Warga juga banyak yang berwisata dan menikmati kuliner. Bukan tidak boleh, tetapi protocol kesehatan tetap harus dilaksanakan. Namun demikian, wanti-wanti WHO beberapa hari lalu justru menjadi lampu merah, warning keras bagi kalangan yang sudah beranggapan bahwa Covid-19 ini memasuki masa aman. Apalagi kalau betul di Indonesia ada dua macam virus Corona yang dampaknya bisa berbeda. Ini kalau betul, tentu makin besar risiko yang dihadapi warga Indonesia, justru pada masa di puncak kebosanan tinggal di rumah, bosan work from home, bosan kuliah atau belajar di rumah. 

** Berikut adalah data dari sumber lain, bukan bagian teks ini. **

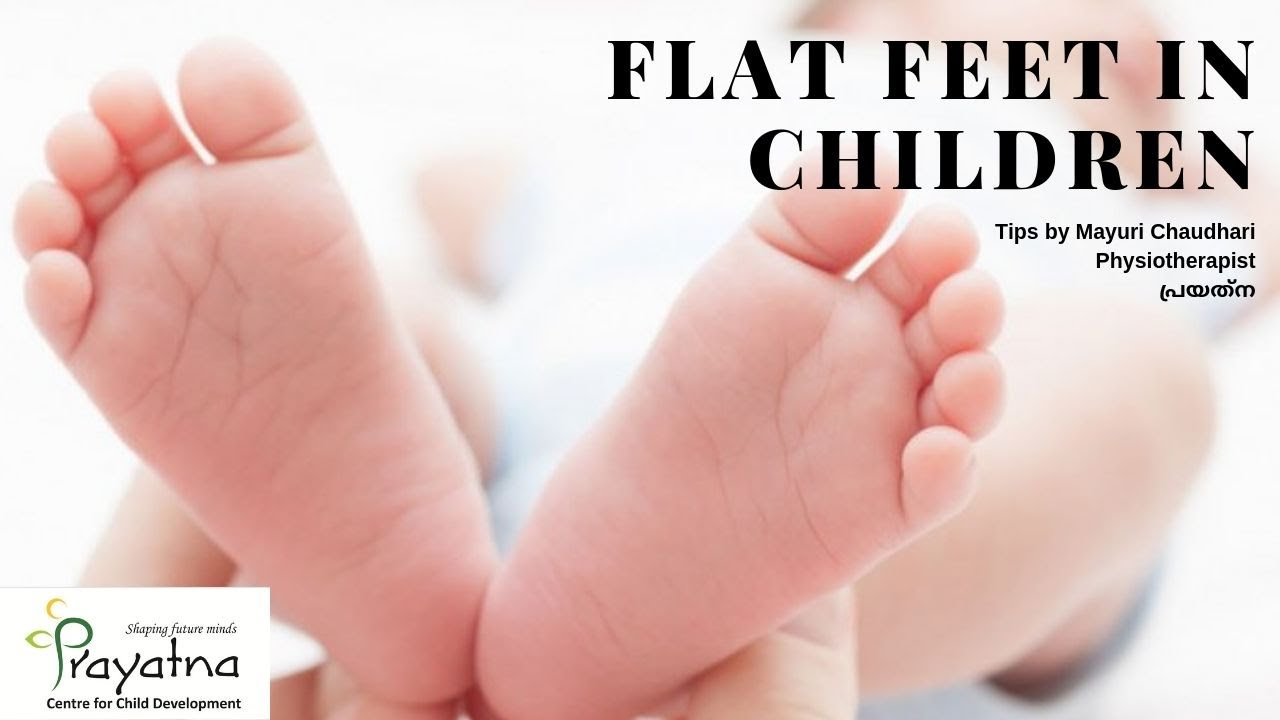 Flat Feet in Children Physiotherapy Prayatna YouTube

Paradoksnya lagi, pemerintah justru sudah membuka luas kantor dan fasilitas komersial, transportasi kereta api, bandar udara, pelabuhan laut, terminal, dll. Sebentar lagi adalah bioskop, ruang ber-AC yang kedap tertutup. Sungguh patut dipertimbangkan usulan Pak Dahlan Iskan tentang subsidi pemerintah untuk rakyat senilai kurang lebih 125 triliun untuk menghilangkan sebaran Corona. Silakan baca lebih lengkap di website-nya. 

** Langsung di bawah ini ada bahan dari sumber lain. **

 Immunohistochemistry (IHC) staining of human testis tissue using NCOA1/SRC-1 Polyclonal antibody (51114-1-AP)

Intinya, saripatinya, bulan kelima wabah Covid ini justru memasuki masa risiko tinggi. Maka, dunia akademik, mulai dari prasekolah, sekolah, hingga kuliah sebaiknya menahan diri dulu. Gunakan fasilitas internet untuk rapat, belajar, mengajar. Keselamatan dan kesehatan anak-anak, cucu-cucu tidak ternilai harganya dibandingkan dengan egoisme sepihak atau parapihak dengan pertimbangan ekonomi dan politik jangka pendek. 

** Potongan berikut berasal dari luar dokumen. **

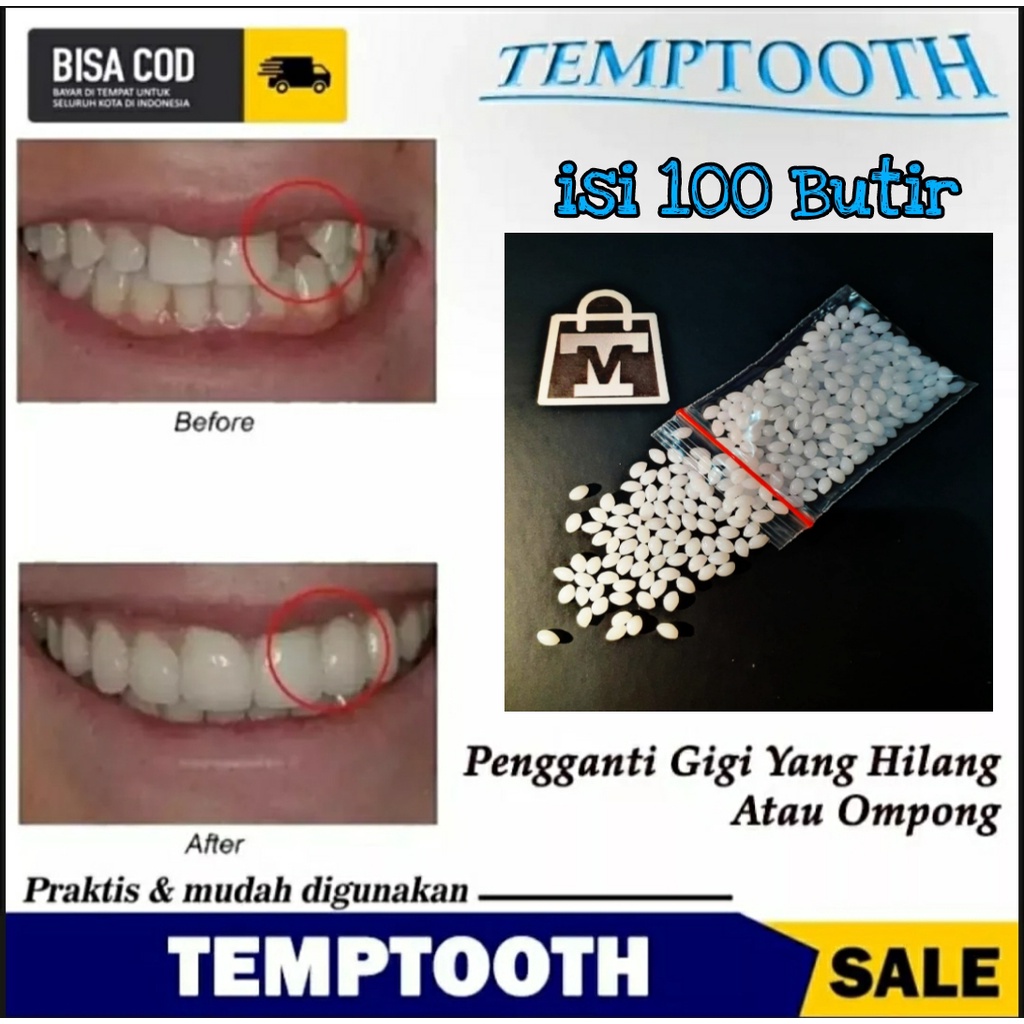 Jual Ready Stock Isi Butir Penambal Gigi Temptooth Tambal Gigi Shopee Indonesia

Bagaimana dengan ruang yang tidak ber-AC? Tentu ada beberapa syarat agar aman. Yang pertama, lokasi ruang itu masuk dalam zone hijau menurut kategori gugus tugas Covid-19 setempat. Ini pun dibagi menjadi dua lagi, yaitu (1) ruang yang menerima orang dari berbagai lokasi atau tempat tinggal seperti ruang kantor, dll.; dan (2) ruang yang hanya diisi oleh orang-orang di dalam lingkup terbatas seperti sekolah berasrama (boarding school). Semua murid sudah dinyatakan sehat sebelum masuk ke asrama sekolah dan dilaksanakan protocol kesehatan yang disiplin selama ini. Termasuk semua guru dan pekerja yang ada di dalam lingkup sekolah tersebut. Apabila keluar-masuk setiap hari maka harus dicek minimal dengan thermogun dan bagusnya lagi adalah dengan rapid test rutin atau swab. Biayanya, ini yang harus dicarikan solusinya oleh pemerintah dan sekolah. Kemudian penunjangnya adalah makan makanan sehat, bergizi cukup. Semua makanan terutama sayur harus dimasak, tidak dilalab (dimakan mentah) dan makan buah-buahan yang berkulit seperti pisang. Hindari buah yang langsung dimakan dengan kulitnya seperti anggur, dll.

Yang kedua, ruang tersebut memiliki ventilasi yang bagus. Jendelanya terbuka dan banyak berjejer di dinding ruang. Pintu dibuka selama PBM. Duduk dengan jarak yang cukup, minimal 2 meter. Harus bermasker dan lebih bagus lagi dengan face shield (tameng wajah). Cuci tangan dengan air dan sabun tersedia di luar ruang dan harus antri dengan sabar dan jaga jarak. Disiplin. Yang melanggar selayaknya diperingatkan dan dikenai sanksi hukuman tertentu. Begitu juga ruang tidurnya, tetap dengan protocol kesehatan. Harus banyak ventilasi dan disemprot dengan disinfektan setiap hari oleh murid-muridnya. Minimal dicuci dengan air yang berisi klor (chlorine). Kaporit bisa dibeli di toko kimia setempat atau minta bantuan ke PDAM setempat lewat bupati atau walikota.

Yang ketiga, durasi waktu belajarnya dipersingkat. Tidak lebih dari 45 menit, yang biasanya 90 menit. Pergantian waktu digunakan untuk menyemprot atau membersihkan ruang oleh murid atau petugas. Paparan kognitif untuk sementara ini, selama wabah Covid-19 ini, dikurangi dan ditambah nanti setelah wabah berlalu. Gunakan waktu yang seharusnya kognitif menjadi psikomotorik untuk menguatkan afektifnya. Penambahan ilmunya kecil tetapi penambahan afeksinya lebih besar. Adab, akhlak, mental, karakternya menjadi lebih kuat.